This is a RFC series.  Tree is here:

  https://github.com/xzpeter/qemu/tree/preempt-full

It's not complete because there're still something we need to do which will
be attached to the end of this cover letter, however this series can
already safely pass qtest and any of my test.

Comparing to the recently merged preempt mode I called it "preempt-full"
because it threadifies the postcopy channels so now urgent pages can be
fully handled separately outside of the ram save loop.  Sorry to have the
same name as the PREEMPT_FULL in the Linux RT world, it's just that we
needed a name for the capability and it was named as preempt already
anyway..

The existing preempt code has reduced ramdom page req latency over 10Gbps
network from ~12ms to ~500us which has already landed.

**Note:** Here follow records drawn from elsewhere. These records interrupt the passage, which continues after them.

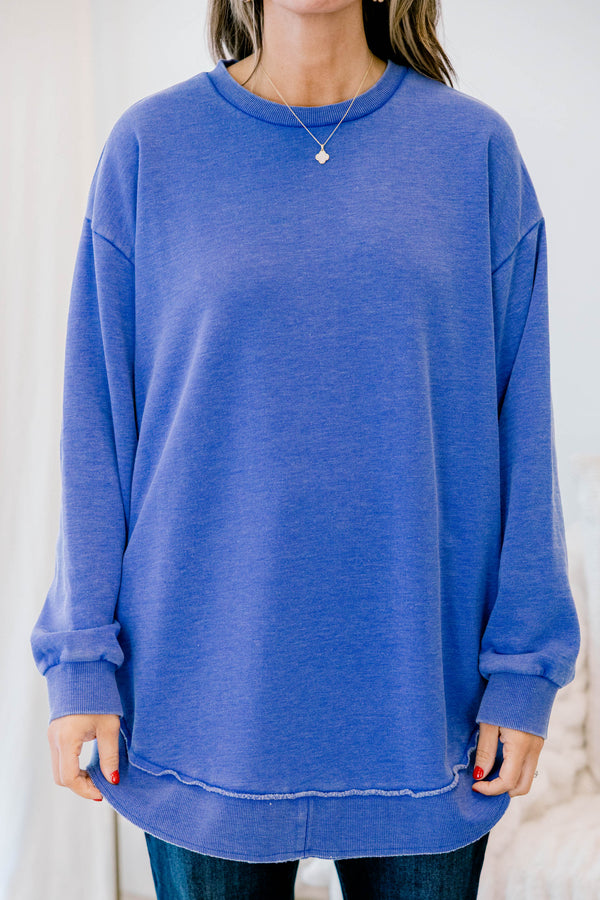Chic Soul plus size clothing, royal blue long sleeve curved hem top with exposed seam at the waistband 
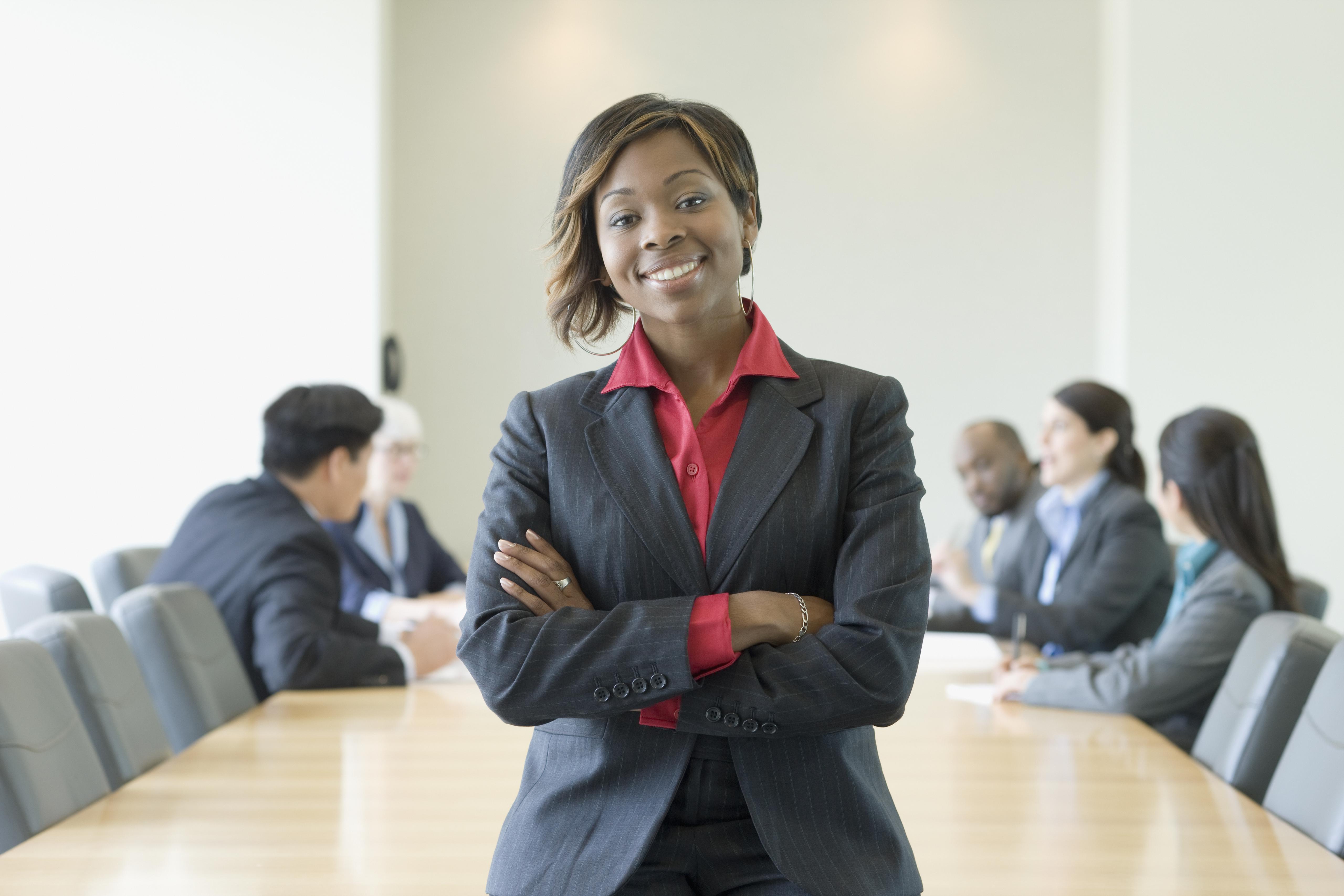Black businesswoman in conference room with co-workers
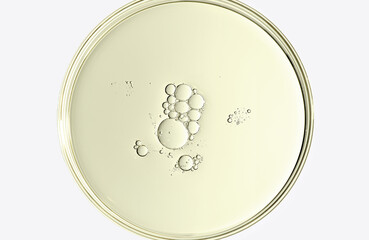 The texture of a cosmetic serum or body gel in a Petri dish.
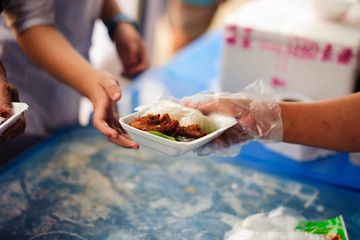 Volunteers provide food for beggars : Concepts Feeding and help : Concept of food sharing for the...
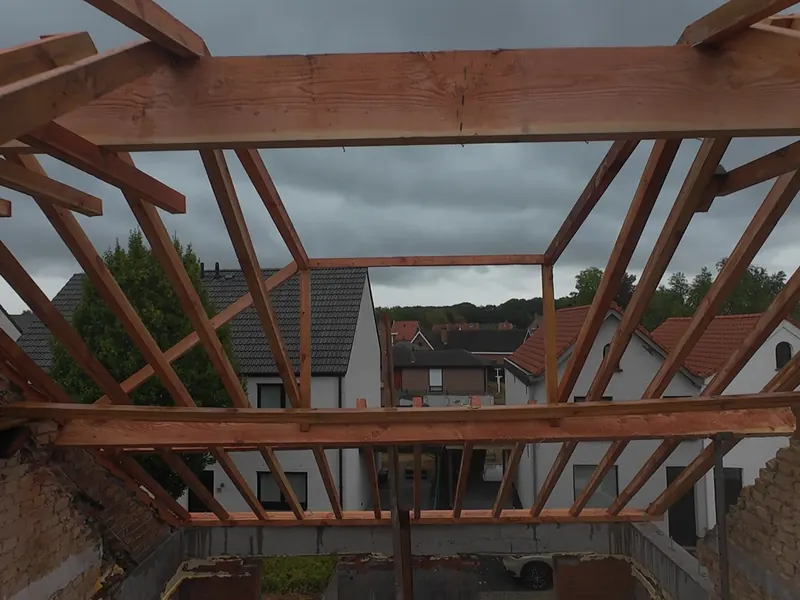 Nieuwe houten dakconstructie met spanten, van bovenaf gezien tijdens de opbouw
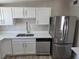 Bright kitchen featuring stainless steel refrigerator and dishwasher, white cabinets, and a modern faucet at 1642 Palma Vista Ave, Las Vegas, NV 89169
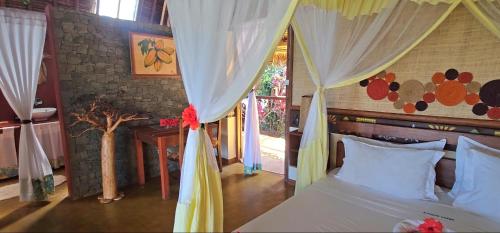 a bedroom with a bed with white drapes at KINTANA LODGE in Ile aux Nattes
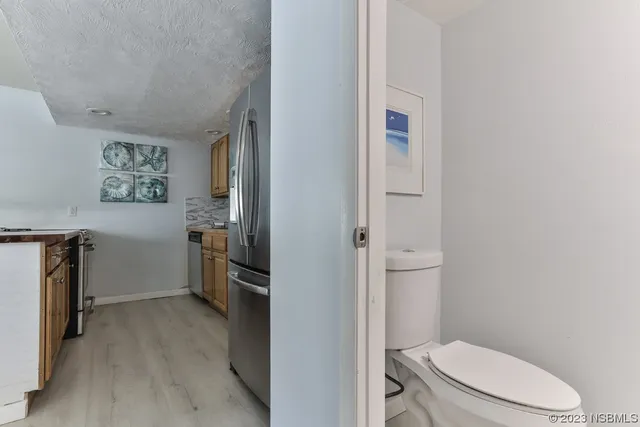 a bathroom with a toilet sink and tub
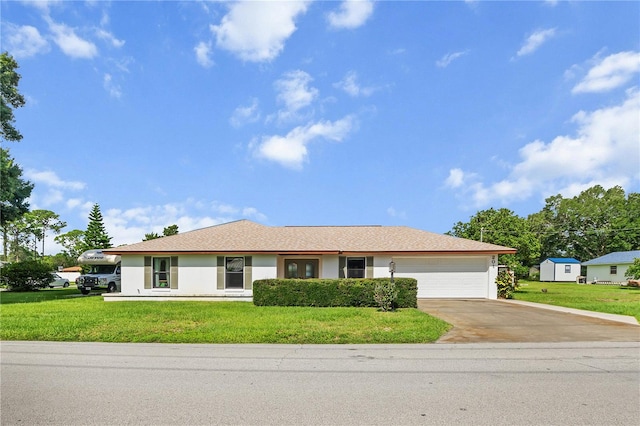 ranch-style house featuring a garage and a front lawn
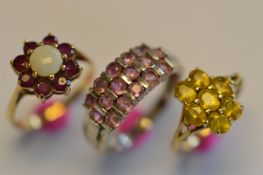 A heavy bundle of three 9ct gem set rings. Approx 8.8 grams. Est. £120 - £140.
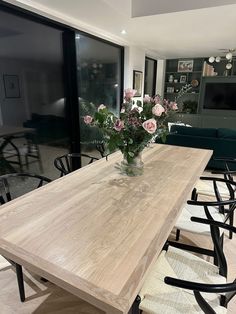 a wooden table with chairs around it and flowers in a vase on the table top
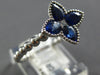 1.03CT DIAMOND & AAA SAPPHIRE 18KT WHITE GOLD PRINCESS & PEAR SHAPE FLOWER RING
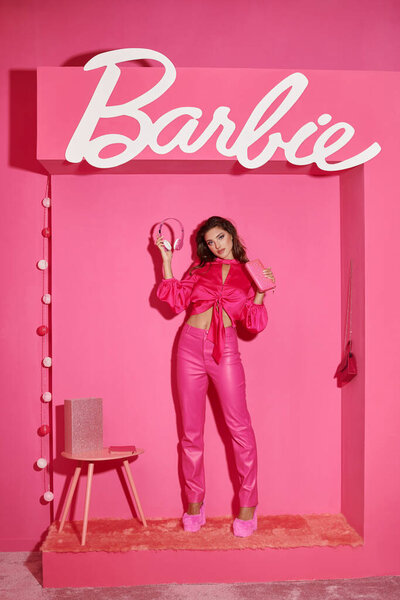 KYIV, UKRAINE - JULY 14, 2023:beautiful doll like woman in crop top and pink pants standing with headphones near Barbie sign
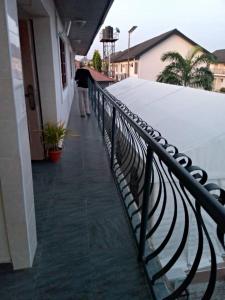 a man walking down a balcony with a fence at 3TS LUXURY APARTMENTS in Sangotedo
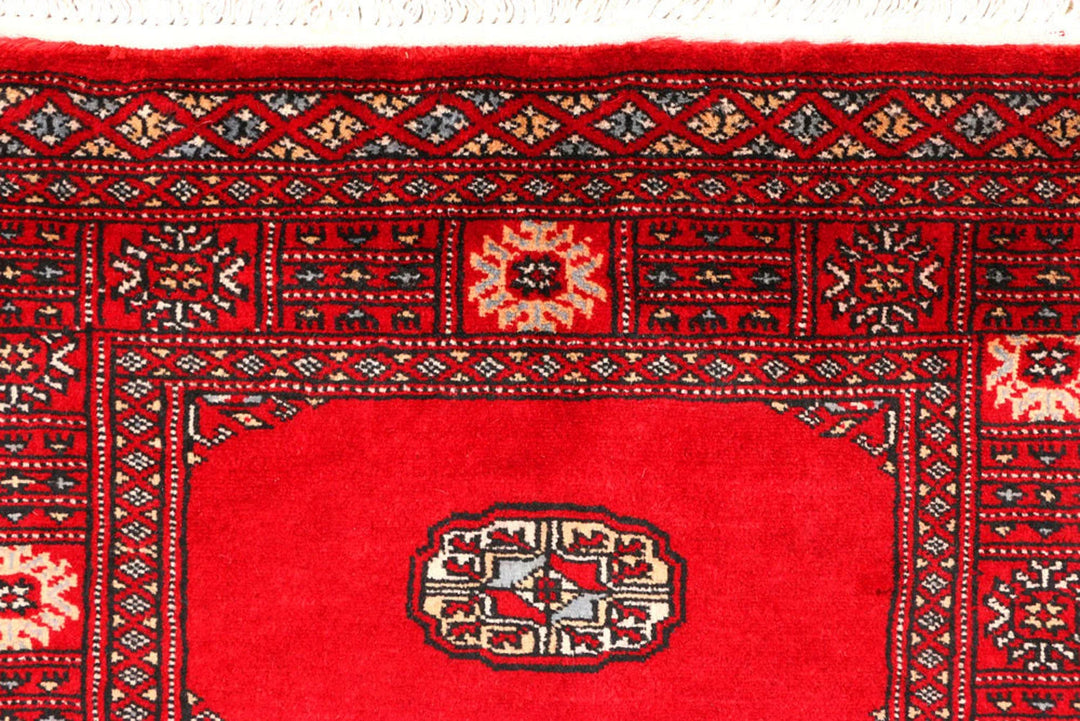 Red Pakistani Bokhara Rug 2' 7" x 9' 1" Hand-Knotted | No. QA95500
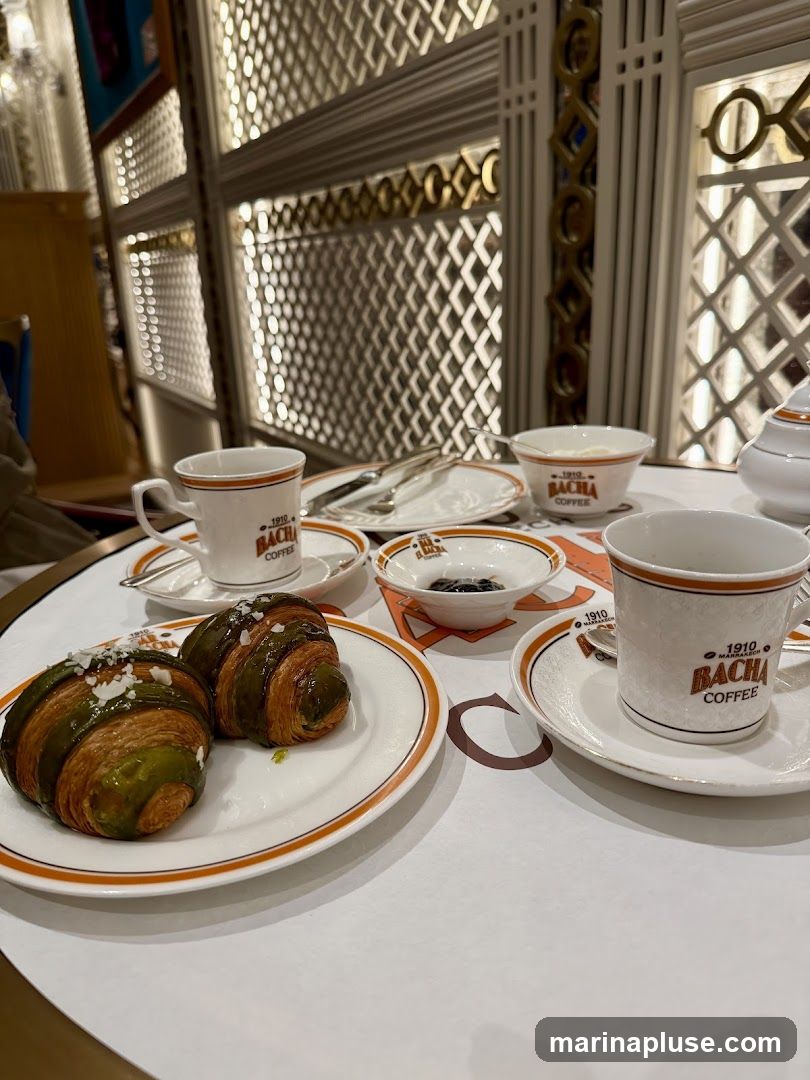 A table setting with two cups of coffee, two croissants, and a small bowl of jam. The cups and saucers are white with orange trim and feature the logo "1910 BACHA COFFEE". The croissants appear to be filled with a green cream and topped with nuts. The background shows decorative wall paneling with illuminated geometric patterns.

This preempt-full series can further reduces that ~500us to ~230us per my
initial test.  More to share below.

Note that no new capability is needed, IOW it's fully compatible with the
existing preempt mode.  So the naming is actually not important but just to
identify the difference on the binaries.  It's because this series only
reworks the sender side code and does not change the migration protocol, it
just runs faster.

IOW, old "preempt" QEMU can also migrate to "preempt-full" QEMU, vice versa.

  - When old "preempt" mode QEMU migrates to "preempt-full" QEMU, it'll be
    the same as running both old "preempt" QEMUs.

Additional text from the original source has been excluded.